I have issued 2 certificates in the last 12 hours for host names made from randomly choosen serie of letters and numbers. These hostnames can not be guessed; typically there are 50 caracters longs. I own my dns servers and nobody (except my servers) can xfer my zones.
What I couldn't explain is that immediately (less than 10 seconds) after issuing a new letsencrypt certificate, I have bots connecting to my services.
example:
How do they know my [new] hostnames: letsencrypt must publish this information right ? Is there a flag to certbot or acme.sh to not let this information be made publicy advertised: these are privates servers on my own hardware: I actively ban all these parasitic behaviour ?
every publicly valid certificate have to published to certificate transparency log, and it will be available to anyone to monitor. https://www.certificate-transparency.org/
check out crt.sh if you want to lookup cert for a domain
Certificate transparency seem to be a great goal, but in the facts, is abused by scan bots and all sort of parasitic behaviour (bots actively searching for wordpress flow from last decade; and so on...).
If i want a certificate for my own private cloud server, it's aimed to provide my familly a way to share data without the need to import self-signed CA authority to match self signed certificates. Or to explain my old parents that the security exception they see in their browser is "good" this time...
Certificate transparency must be abble to contain an "hidden" layer like most whois registry do. I trust letsencrypt (maybe I'm wrong) but I definitely can't trust bots trying to masquerade themselves as usual browsers.
entire purpose of CT is to monitor site owner to check if a certificate for their domain made without their knowledge, so it have to publish domain name (as they aren't the own made certificate) to work.
BTW, it's "MUST" by CA/B baseline requirement, LE will be distrusted from browser if that don't publish to ct log.
I thought [probably naively] certificates where trusted based on cert chain. I can't see what CT has to do with browsers. Further more, I'm curious how, with most peoples/organisation switching to dnssec, someone could issue false certificates easily in 2020. The argument of without CT you will break the internet, sounds a bit confuse to me...
As far as I can see CT deserve mostly evil purposes or is farly too much abused to be something benefic to "normal" people...
If you're refering to bots seeking to exploit common exploits in web software: you should always be aware of this, the hostname being public or private. To me, using this as an argument agains CT logs is very weak, as your software needs to be secure no matter what if it's connected to the global world wide web.
If you want a fully private site secured with TLS, you should generate your own private CA and somehow distribute your own root certificate to the clients. Once you've added your own root certificate to the OS (or browsers) trust store, your clients wouldn't get any TLS error.
Another "solution" would be to get a wildcard certificate (e.g. *.example.com).

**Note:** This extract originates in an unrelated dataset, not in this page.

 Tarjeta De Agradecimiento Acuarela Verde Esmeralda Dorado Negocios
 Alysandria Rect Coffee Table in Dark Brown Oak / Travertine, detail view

Then, you cannot see the individually sub-domains in the CT-logs.
But like other also has stated, your security model should never be based on the fact that nobody knows your DNS names (or IP). Always assume that kind of information are public and make your services secure with that in mind.
I had the same thing happen to me a while ago ... luckily the person running the scan process identified themselves in the user-agent, was very helpful, and pointed out the CT logs and he explained that he was running a survey of SSL sites.

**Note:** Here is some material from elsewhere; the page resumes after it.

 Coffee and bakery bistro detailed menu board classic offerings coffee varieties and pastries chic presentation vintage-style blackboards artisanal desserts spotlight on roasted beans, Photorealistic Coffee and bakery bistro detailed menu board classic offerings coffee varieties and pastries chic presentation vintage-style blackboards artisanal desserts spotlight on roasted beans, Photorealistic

He explained that his survey was infrequent and low impact, but offered to exclude my sites from his survey.
I saw no risk in his survey and thanked him for educating me about the CT logs.

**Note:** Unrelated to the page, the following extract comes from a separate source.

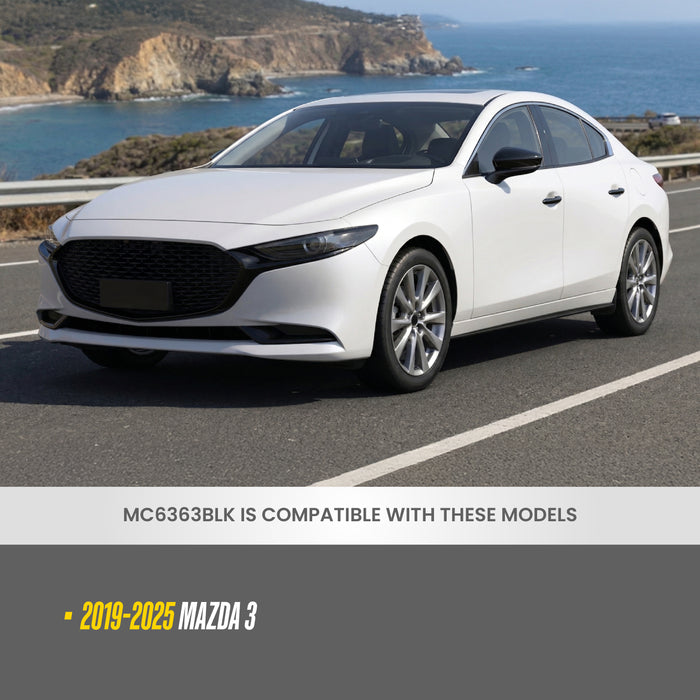Trim Illusion MC6363BLK Chrome Delete Mirror Cover for 20-25 Mazda 3 | Fits Base, Preferred, Select, Premium and more. Tape-on Gloss Black ABS Mirror Cover. 2 PCS kit. U.S. Patented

I haven't paid attention to that kind of scan for quite a while since.
The bots are a fact of life. You already know that, since you have been banning them from before you got your certs. They are getting to your site not because of the certs, but because they are just going to every IP address and probing. What's changed is that since you issued the certs, they now know the names. There is no link between the certificate and the IP address unless you created an IP certificate instead of a Domain certificate.
I'm curious as to why your domain name is a random string of 50 characters. A domain name is an easy-to-type name for humans so they don't need to know the IP address. If you are going to type the random hard-to-remember gibberish, you may as well type the IP address.
I had the same problem with my private subdomains, now I only use one certificate with "domain.com *.domain.com" and no more public info on my private subdomains.
In the specific case, it is important to know is the certificate presented as default certificate if a client connects without SNI? If yes, there is no need to assume that the name leaked through the CT log (which is always true, but may be irrelevant), the long cryptic name is directly presented in the certificate's SAN section. The next connection with SNI may already come with that name as server name.
For more secure coverage:
The root/apex cert should probably just be covered by: domain.com & www.domain.com (single cert)
Below that, you can have all the private/segregated individualized subdomains you want. *.a001.domain.com (one cert)
... *.b001.domain.com (one cert)
... ... *.z999.domain.com (one cert)
CAs need to log information about the server for security anyways. I am not aware that any CA (LE especially) advertises this information, and it most likely is not public at all.